If you’ve recently been diagnosed with periodontal disease, you probably have some questions about your treatment. Be assured that periodontists believe that periodontal therapy, including non-surgical treatment, should be achieved in the least invasive and most cost-effective way possible.
The Expert Care of Periodontists
Periodontists are uniquely qualified to treat a disease of the gum tissue and underlying bone in the mouth. With three additional years of specialized training after dental school, periodontists are masters of the treatment skills necessary for predictable and successful periodontal disease treatment.

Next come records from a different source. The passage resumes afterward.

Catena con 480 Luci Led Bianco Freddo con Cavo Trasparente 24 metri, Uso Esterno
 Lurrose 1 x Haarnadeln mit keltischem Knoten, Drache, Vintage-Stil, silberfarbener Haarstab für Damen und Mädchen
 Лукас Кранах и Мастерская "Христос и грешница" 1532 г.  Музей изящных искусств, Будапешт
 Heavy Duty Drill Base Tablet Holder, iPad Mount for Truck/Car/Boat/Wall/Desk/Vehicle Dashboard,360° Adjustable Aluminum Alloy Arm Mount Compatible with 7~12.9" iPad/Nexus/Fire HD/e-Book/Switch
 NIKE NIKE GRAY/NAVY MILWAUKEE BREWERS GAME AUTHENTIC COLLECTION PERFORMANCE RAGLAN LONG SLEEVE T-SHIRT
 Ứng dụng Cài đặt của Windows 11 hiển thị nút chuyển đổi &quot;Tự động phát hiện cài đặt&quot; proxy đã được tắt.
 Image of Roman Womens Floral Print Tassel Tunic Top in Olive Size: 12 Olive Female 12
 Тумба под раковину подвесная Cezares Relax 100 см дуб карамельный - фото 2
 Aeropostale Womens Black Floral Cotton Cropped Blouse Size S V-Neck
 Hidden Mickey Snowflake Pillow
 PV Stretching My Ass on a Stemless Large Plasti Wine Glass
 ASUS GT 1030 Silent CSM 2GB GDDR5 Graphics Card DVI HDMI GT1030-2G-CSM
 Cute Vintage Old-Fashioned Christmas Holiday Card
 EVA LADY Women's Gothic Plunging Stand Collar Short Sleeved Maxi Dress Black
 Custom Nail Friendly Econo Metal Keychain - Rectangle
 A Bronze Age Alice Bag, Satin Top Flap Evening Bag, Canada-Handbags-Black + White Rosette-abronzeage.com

Remember that the first step toward good periodontal health begins with proper oral hygiene, which can go a long way toward preventing certain forms of periodontal disease and reversing gingivitis, an early stage of periodontal disease. Good oral hygiene includes brushing your teeth at least twice each day, flossing at least once each day, and seeing a periodontist annually for a comprehensive periodontal evaluation. If you are diagnosed with periodontal disease, common treatments include the following:
Deep Cleaning/Scaling & Root Planing
A deep cleaning, also known as scaling and root planing, is a non-invasive measure of preventing the progression of periodontal disease. A deep cleaning goes beneath the gum line to remove plaque, bacteria, and other toxins from areas that brushing and flossing cannot reach, reducing the risk of disease advancement. A routine cleaning does not require the dentist or hygienist to go below the gum line; therefore, the procedure does not eliminate the cause of disease if it is present.
Oral antibiotics, as well as anti-microbial mouth rinses, can be prescribed short-term to control bacteria and treat acute periodontal infection. Other medicinal treatments include antibiotic gels, slow-release antiseptic chips, microspheres, and enzyme suppressants used after scaling and root planing procedures.
If inflammation and deep pockets are present after deep cleaning and medication, a periodontist may perform flap surgery to minimize the depth of the pocket. The surgery consists of plaque removal below the gum line and then closure of the gums so that they fit snugly against the tooth. A bone and tissue graft procedure helps to regenerate any tissue or bone lost to periodontal disease through the placement of natural or synthetic bone material to promote bone growth. A soft tissue graft uses synthetic material or tissue from the mouth to cover tooth roots that have been exposed.
After a period of healing, your periodontist will evaluate your condition to determine if further treatment is necessary. If additional treatment is required, your periodontist will develop a treatment plan to help restore your smile to a state of health. If you don’t require further treatment, you’ll enter a maintenance phase, and thorough checkups on your teeth and gums will occur every few months or so.